Speaking at a cadres' assembly in Danville, Tshwane on Thursday evening, Cele also attempted to respond to some of the ANC members' concerns and offered solutions to some of the challenges they faced in the now DA-led municipality.

However, his first order of business when he took to the podium was to address Khoza's departure from the 105-year-old liberation movement.

"I was very disappointed to hear comrade Kebby [Maphatsoe, MKMVA chair] say good riddance," Cele said.

He told the handful of ANC members gathered at the branch meeting that he felt this was worse coming from Maphatsoe, who was supposed to lead him as a former combatant and member of the Umkhonto weSizwe Military Veterans' Association (MKMVA).

"I do not believe the part where members of the ANC must go away from the ANC. We are like this by adopting the doctrine of thinking that ANC belongs to us, [and that] others can go away," said Cele.
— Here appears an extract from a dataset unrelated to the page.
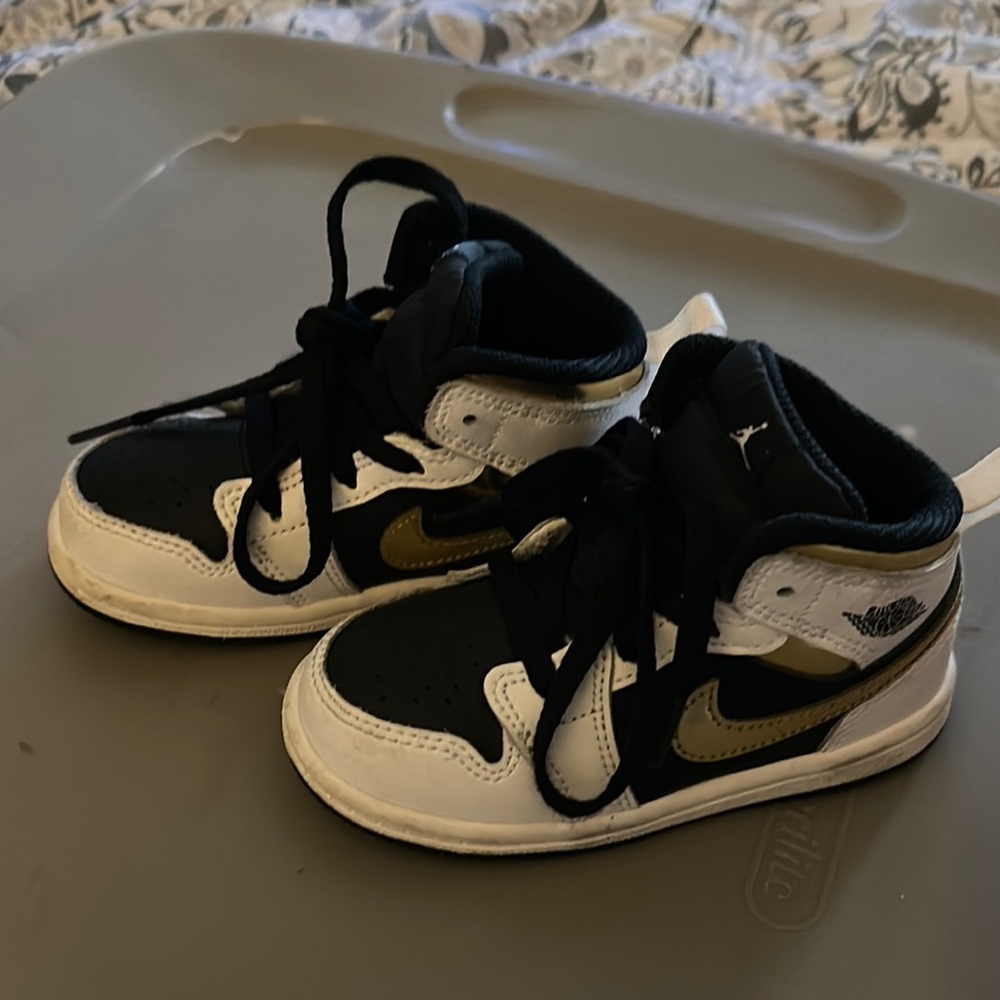 Nike Jordan’s Kids Black and Gold Sneakers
He described a song that used to be sung by members of the IFP several years ago, which he says had now been adopted by members of the ANC in KwaZulu-Natal and in the Eastern Cape.

The lyrics included the words: "Those who want to leave must leave, we will remain and endure," which Cele said was in sharp contrast with what members of the party were singing in 2012 – "Zulu, Xhosa, Sotho hlanganani [let's get together]".

"You can tell people to go away from a spaza shop, but not from the ANC," said Cele.

He said members sometimes made people feel like they owned the organisation by becoming their praise singers and by deeming them to be above the organisations.

"People should not think I am the ANC," said Cele.

He used the opportunity to once again express disappointment at being a member of the ANC's National Executive Committee, stating that it also pained him at times because decisions the body took sometimes put itself and ANC in the backseat.

Cele also rubbished critics who have previously said he embarrassed the party with his public comments.

"Nobody is going to tell me to resign," he said.

He said he was doing what others told – by directing his message to the structures of the party, as he was doing that night.

His address was delivered on the eve of a special ANC NEC meeting on KwaZulu-Natal's problems.

The High Court in Pietermaritzburg recently ruled that the 2015 provincial congress was illegitimate and had to be nullified.

Cele described the province, which was once a united bloc, as now being the most divided one ahead of the ANC's national elective conference in December.

"One of the reasons that province is divided is the wrong decision we took as an NEC," said Cele.

The NEC previously decided that KZN should hold an early congress.